This concept can be used to calculate daily volatility from intraday log returns. At this level the realized volatility ($\sum r^2$) approximately follows Gaussian ARIMA(0,1,q) model, which can be used to produce forecasts. Intuitively one would use the smallest possible interval, but anything less than 15 minutes bring in noise. Overnight returns also need to be taken into account for correct daily volatility estimation.

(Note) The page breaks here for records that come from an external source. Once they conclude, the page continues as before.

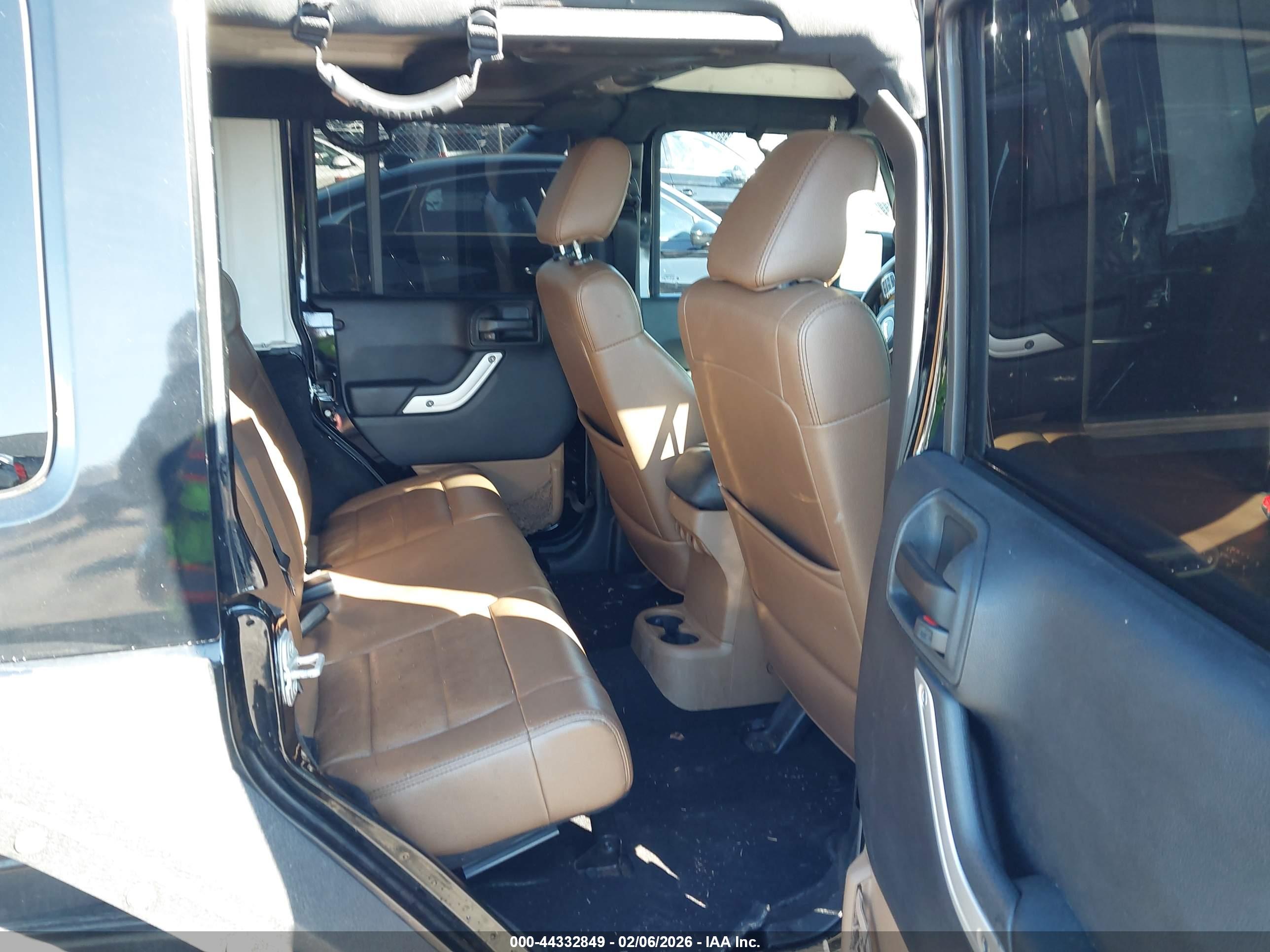 JEEP WRANGLER image 8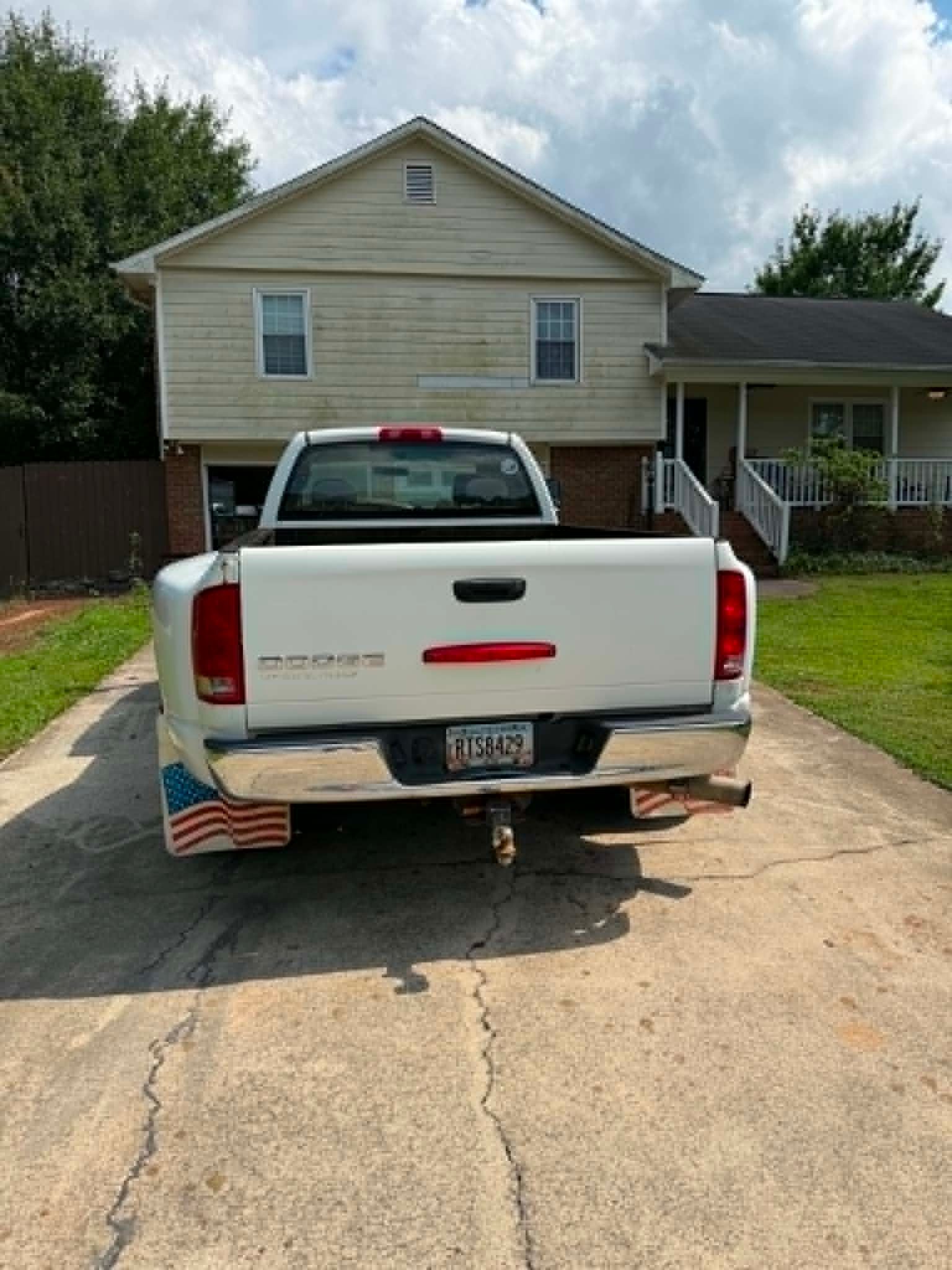 Used 2004 Dodge Ram 3500 Truck SLT w/ Trailer Tow Group RWD image 8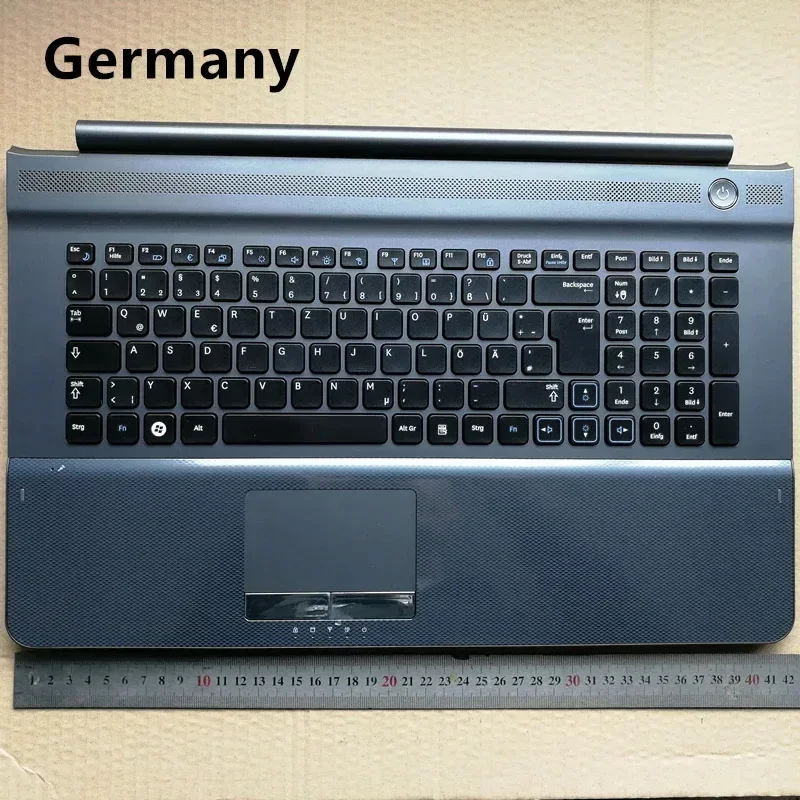 SMZ New Laptop Keyboard With Touchpad Palmrest For Samsung  RC710 RC720 17.3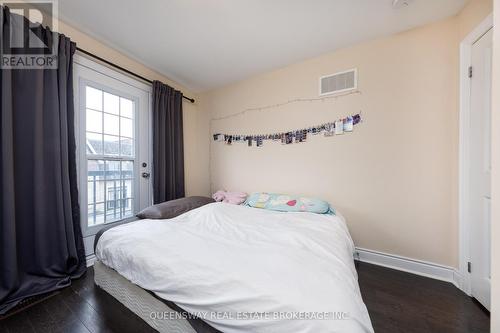 30 Ingleside Street, Vaughan, ON - Indoor Photo Showing Bedroom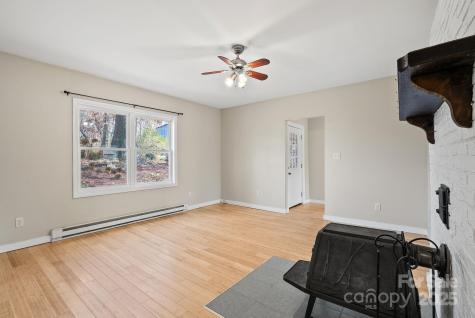 2 Worley Place Asheville NC 28806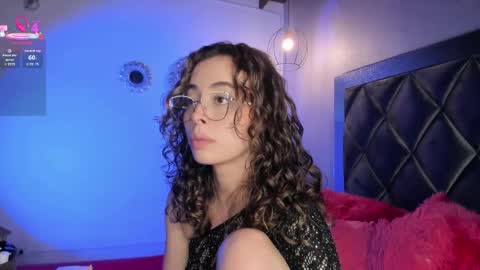 Snapshot of sophiia_gomezz_ chatting on September 18, 7:34 am sophi online show from September 18, 7:34 am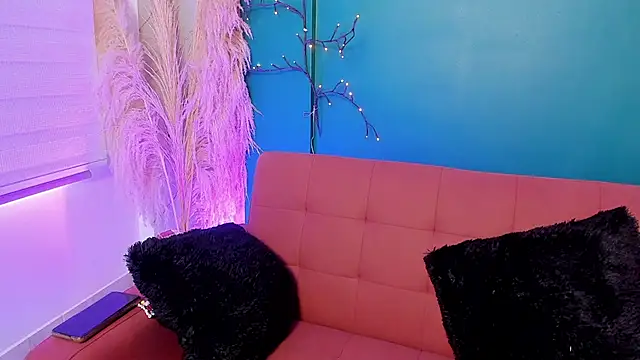 Snapshot of Scarlett_Raven_ chatting on 8, 2, 2026 Scarlett Raven online show from 8, 2, 2026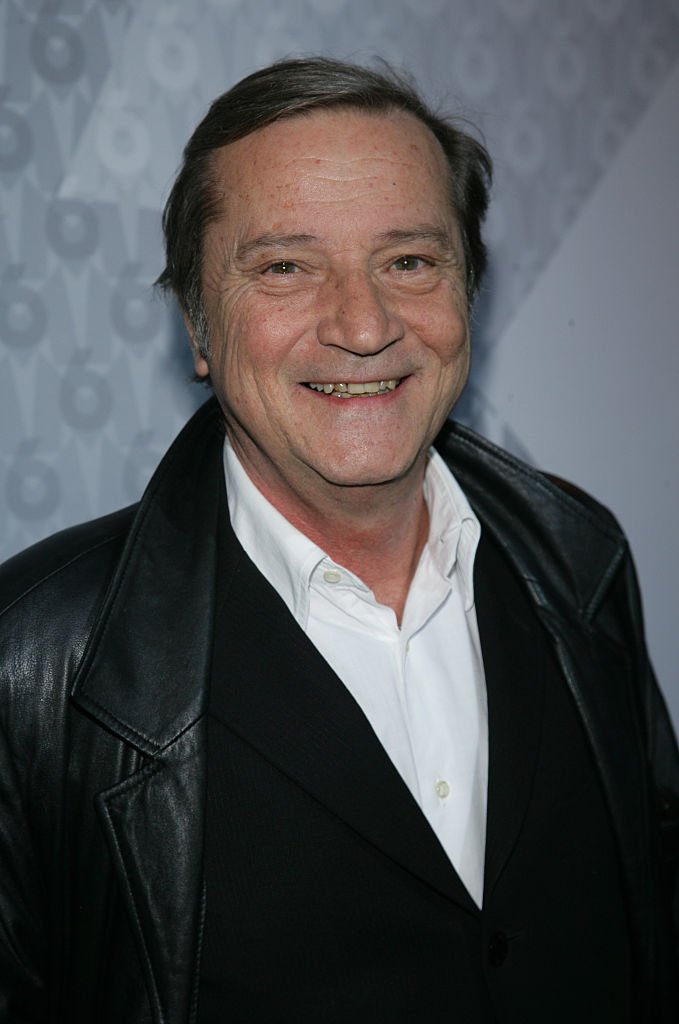 Christian Blachas arrive au 20e anniversaire de la chaîne de télévision française "M6" à Paris. | Photo : Getty Images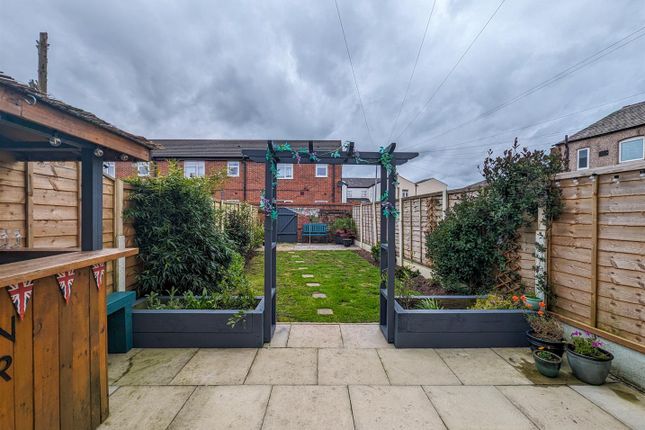 Thumbnail Terraced house for sale in Oxford Street, Leigh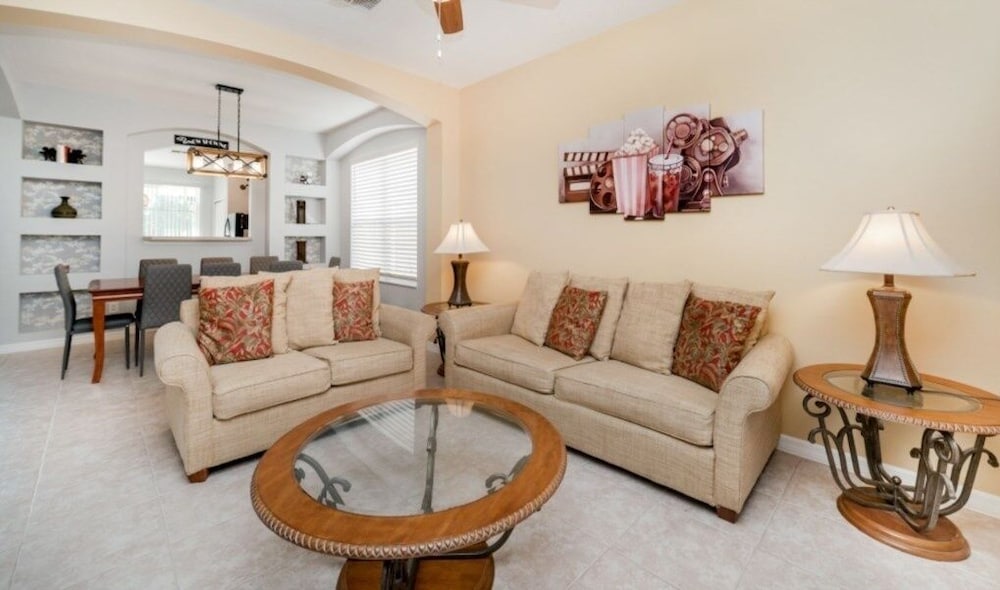 Spacious Emerald Island Home, Private Pool & Minutes To Disney! 6 Bedroom Villa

2) Daily OHLC Prices - Shown to improve volatility estimate. Let $C_t$, $O_t$, $H_t$, and $L_t$ be the Close, Open, High and Low for day t. Also let $f$ be the fraction of day that trading is closed. The conventional volatility estimate is $\sigma^2_t=E[(C_t-C_{t-1})^2|F_{t-1}]$. Based on price following simple diffusion model without drift various estimates of volatility has been proposed, one being $0.5(H_t-L_t)^2-[2ln(2)-1](C_t-O_t)^2$. Yang and Zhang (2000) also proposed an estimate on the lines of $$\hat{\sigma}^2_{yz}=\hat{\sigma}^2_o+k\hat{\sigma}^2_c+(1-k)\hat{\sigma}^2_{rs},$$
where
$$\hat{\sigma}^2_o = \frac{1}{n-1}\sum^n_{t=1}(o_t-\bar{o})^2 \qquad o_t=ln(O_t)-ln(C_{t-1})$$
$$\hat{\sigma}^2_c = \frac{1}{n-1}\sum^n_{t=1}(c_t-\bar{c})^2 \qquad c_t=ln(C_t)-ln(O_t)$$
$$\hat{\sigma}^2_{rs} = \frac{1}{n}\sum^n_{t=1}[u_t(u_t-c_t)+d_t(d_t-c_t)] \qquad u_t=ln(H_t/)_t) \qquad d_t=ln(L_t/O_t)$$
$$k=\frac{0.34}{1.34+(n+1)/(n-1)}$$
quantity k is chosen to minimize the variance of the estimator $\hat{\sigma}^2_{yz}$.

Left out sections: 3.7-3.11, 3.13-3.14, 3.16